I read the output to analyze it later in the application, and also want to print it to console, for user feedback.
So I have
p = Popen(['ffmpeg', *args], stderr=STDOUT, stdout=PIPE)
while True:
line = p.stdout.readline()
if not line:
break
print(line.decode('utf-8'), end='')
p.wait()
if p.returncode == 0:
pass
Which works, somewhat. It prints the initial output of the ffmpeg command, as those are simple print statements.
But once the conversion starts, all the output is updated on one line, presumably using some reset character to move the cursor position back to the start of the line.
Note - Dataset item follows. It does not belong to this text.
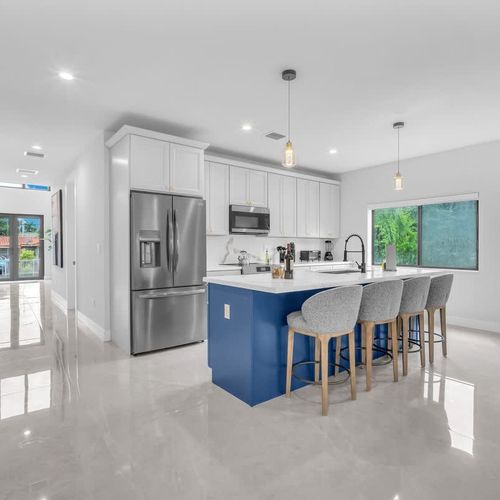 Both units feature spacious modern kitchen with a large island, plenty of storage, and all the essentials to cook your favorite meals during your stay.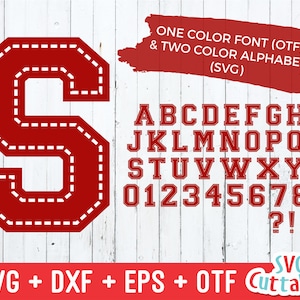 May include: Red varsity-style font alphabet with a white outline. The alphabet includes uppercase letters, numbers, and punctuation marks. The font is available in one color (OTF) and two colors (SVG).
Is there a way to continue to print that output?
Edit:
p = subprocess.Popen(args, stderr=subprocess.STDOUT, stdout=subprocess.PIPE, universal_newlines=True)
with p.stdout:
for line in iter(p.stdout.readline, None):
if not line:
break
if line.startswith('frame'):
print(f'\033[2K{line.strip()}\r', end='')
else:
print(line, end='')
This includes the cursor return, and clears the current line before printing to it again. And still prints the part I want on the same line, like it normally does.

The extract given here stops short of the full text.